Our work at KIBU covers, among others, industrial innovation, this is how we got acquainted with the problems of companies with constantly changing inventories. One such problem is stock-taking, which, especially in case of big inventories, has to be carried out every one or two weeks and requires a lot of human resources, not to mention the errors coming from human mistakes. Our team has come up with a solution for this problem by creating a working prototype that matches today’s trends and Industry 4.0 innovations. The aim of the project was to develop an indoor drone that carries out logistical tasks autonomously. We had the chance to present our solution at the T-Systems Symposium in November 2019. After the first presentation, we received positive feedback from the market players and several companies showed interest in our solution. In the future, we are going to continue the development in order to turn the prototype into a complete, marketable product.
We divided the project into subsequent phases. After doing the research and conceptualizing the idea, we set the goal of making a prototype. The aim was to build a system in which the drone is able to take off, scan a shelving system with autonomous movements, fly back to its starting point, and simultaneously send the data to a database. For projects like this, it is important to know how drones move, what the difficulties of indoor flight are, how machine vision works and one has to have a deep understanding of machine learning, too. It’s also useful to know the communication protocols of different devices, let it be an RTMP server, TCP, since the devices used in the project communicate with each other in different ways. Experience in Android development was also a must as a significant part of the communication channel was provided by an Android device. We created our prototype with the complex application of the above knowledge, using the following devices:
● DJI Mavic 2 Zoom
● Ubuntu Server
● Android SDK
● Google Pixel 1
As our project was planned for indoor flight, it was important to have a small, easily programmable drone equipped with a good camera. A camera barcode reader does not work properly outside a certain distance.

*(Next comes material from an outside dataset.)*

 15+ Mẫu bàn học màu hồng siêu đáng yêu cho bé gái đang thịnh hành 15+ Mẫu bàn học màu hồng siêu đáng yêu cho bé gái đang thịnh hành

However, it is not a good idea to fly a drone closer to the shelves than 30 centimeters as it can fall down or crash into the shelves due to turbulence. In fact, it’s safer to stay at least half a meter from the shelves. Furthermore, there is not much natural light in storehouses, therefore the resolution of the camera image is not the best from this distance. Thus, it is important for our device to be able to zoom with the camera. We chose the DJI Mavic 2 Zoom for this purpose because due to its size it is able to fly indoors and it has a camera with optical zoom function. It can be used with a Windows SDK, which means that we can control it with a single laptop. The truth is, however, that when we were developing the system the Mavic 2 Zoom was not able to carry out Windows SDK movements, it could only take off and land, which, unfortunately, turned out only after the purchase. The official documentation did not meet reality and therefore we couldn’t use the Windows SDK. Nevertheless, when running with the Android SDK, Mavic 2 Zoom could be navigated easily. This SDK has moderately good documentation, which did not always make our task easier, but at least on paper, it supports many things. It is important to mention that although the DJI products and their control panels might seem well-documented, the information in the documentation is in many cases far from reality.

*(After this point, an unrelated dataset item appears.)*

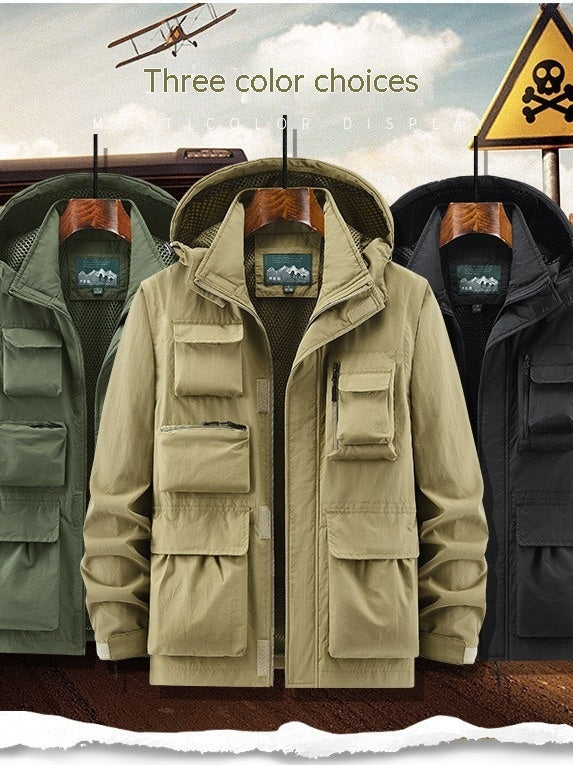 Premium Outdoor Shell Jacket Overalls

In order to establish a connection between a mobile device and the DJI drone, first, we needed to connect the drone’s controller to the phone through a USB cable. After the device was recognized, we were able to code any controller’s commands using the code written in our Android application. We retrieved the live video from the drone’s camera with the help of the Android SDK and then we used the LiveStreamManager provided by SDK to send the image to a Linux server computer, which processes the information and sends the commands to the drone based on the processed data. We also used our application to make the drone take off and land and to send the movement data to the drone. Further tasks included moving the camera (gimbal) as well as setting and controlling the zoom. The Android SDK provides complete methods for most of the functions, thus the above functions were relatively easy to implement.
Some default security settings, such as the visual sensors, had to be turned off on the drone so that we could fly it indoors in a small area, close to the shelves. If we don’t turn them off, we can only approach an object from 1.5 meters. On one occasion we turned off all the visual sensors, which meant that the drone could only navigate with GPS signal. In this mode, drones can only rely on signals received from at least 6 satellites. However, this was not an option indoors, and thus the drone switched onto the ATTI mode, which is rather dangerous, as the drone does not know where it is and begins to fly in one direction at a constant speed. This was the first case when our drone fell down. We were lucky as the drone flew towards the ground and it did not hurt us. After this accident, we decided to carry out all the flight tests in a cage equipped with a safety net. Also, we drew the conclusion that it is crucial for the drone to have a downward-facing camera otherwise, it is not able to hold its position, which can result in accidents such as the one mentioned above. The camera monitors the floor and localizes itself based on the patterns, therefore it is particularly important that the surface is not too homogenous or reflective.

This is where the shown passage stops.